*Available data*:
= Beginning of Section =
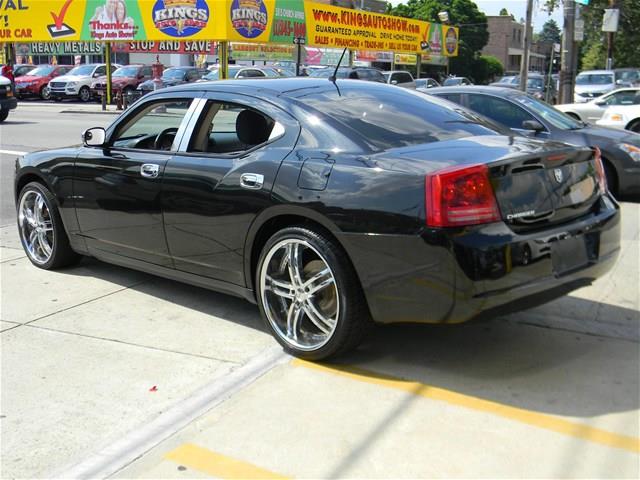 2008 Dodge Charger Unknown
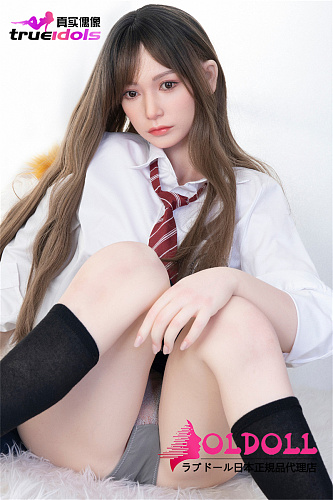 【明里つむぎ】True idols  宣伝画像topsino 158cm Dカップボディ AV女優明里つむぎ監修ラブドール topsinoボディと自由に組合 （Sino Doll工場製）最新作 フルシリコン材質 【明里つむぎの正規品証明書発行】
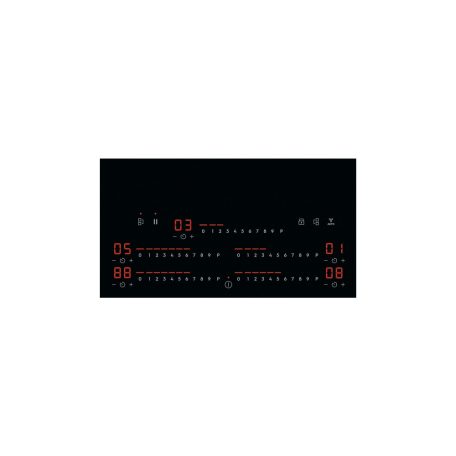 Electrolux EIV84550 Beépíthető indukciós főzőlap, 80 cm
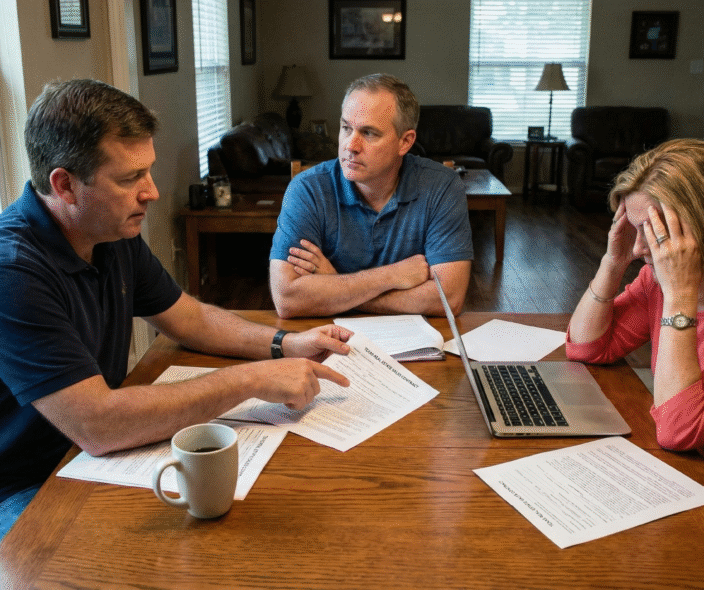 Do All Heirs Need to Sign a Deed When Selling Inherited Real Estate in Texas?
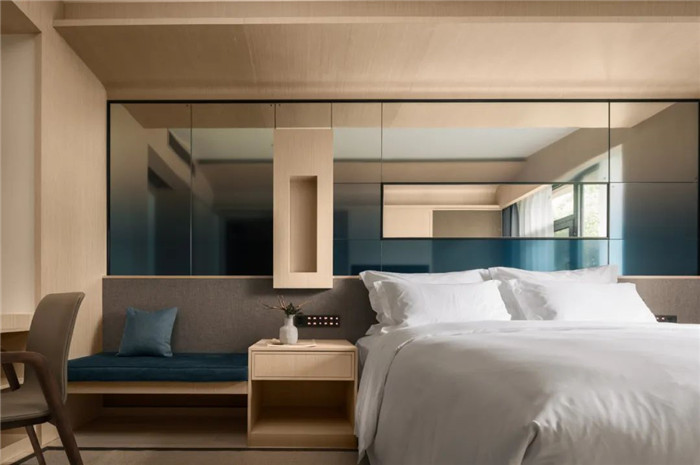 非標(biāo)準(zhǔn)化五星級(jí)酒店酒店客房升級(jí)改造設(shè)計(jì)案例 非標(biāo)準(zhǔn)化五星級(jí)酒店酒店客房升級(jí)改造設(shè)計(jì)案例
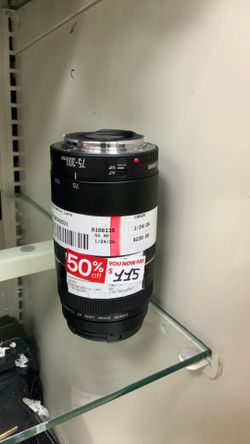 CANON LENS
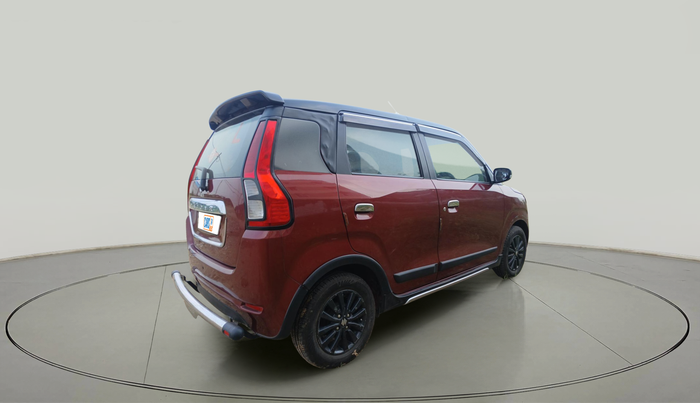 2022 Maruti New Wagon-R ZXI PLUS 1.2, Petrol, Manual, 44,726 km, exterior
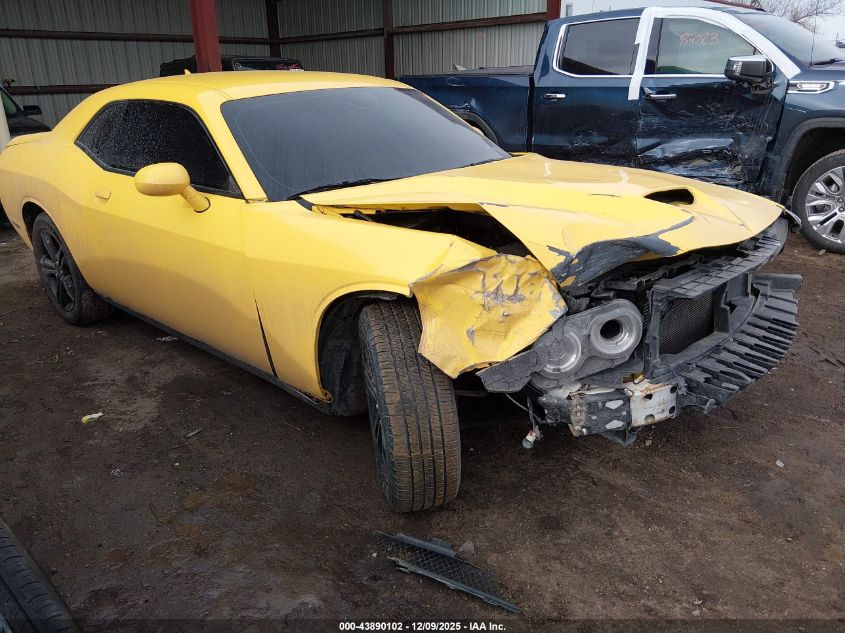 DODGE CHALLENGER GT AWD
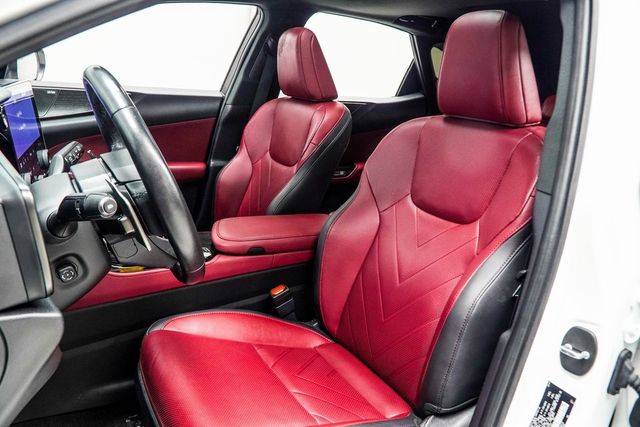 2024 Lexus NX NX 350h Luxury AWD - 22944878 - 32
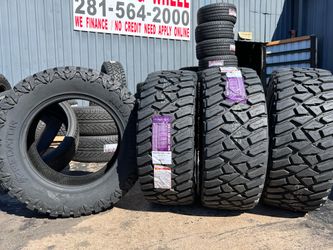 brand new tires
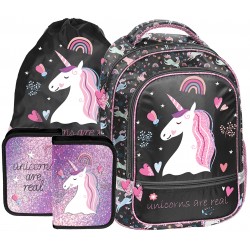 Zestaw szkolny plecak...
= End of Section =
= Beginning of Section =
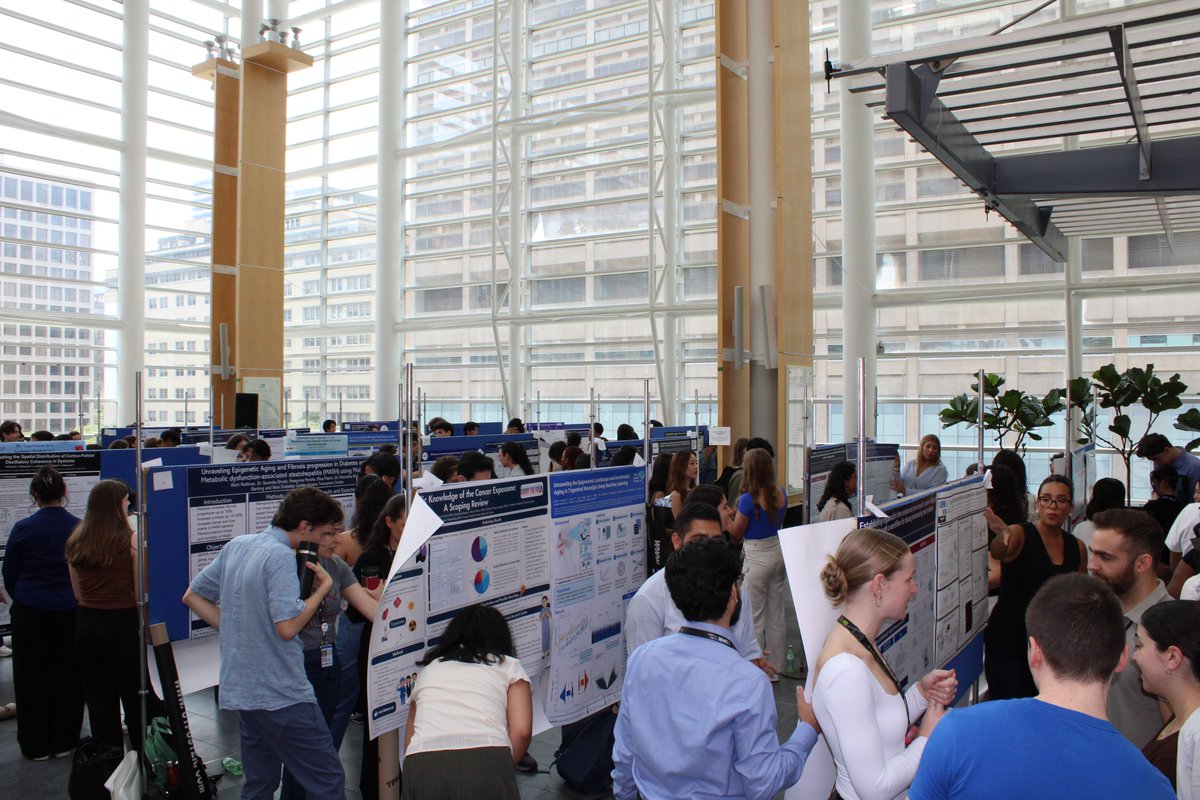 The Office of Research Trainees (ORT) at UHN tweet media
= End of Section =
*Work task*: When copying from the data above, print only the lines from the line containing "2022 Maruti New" to the line containing "Zestaw szkolny plecak...", exactly, and leave the pictures out.

*Answer to this exercise*:
 2022 Maruti New Wagon-R ZXI PLUS 1.2, Petrol, Manual, 44,726 km, exterior
 DODGE CHALLENGER GT AWD
 2024 Lexus NX NX 350h Luxury AWD - 22944878 - 32
 brand new tires
 Zestaw szkolny plecak...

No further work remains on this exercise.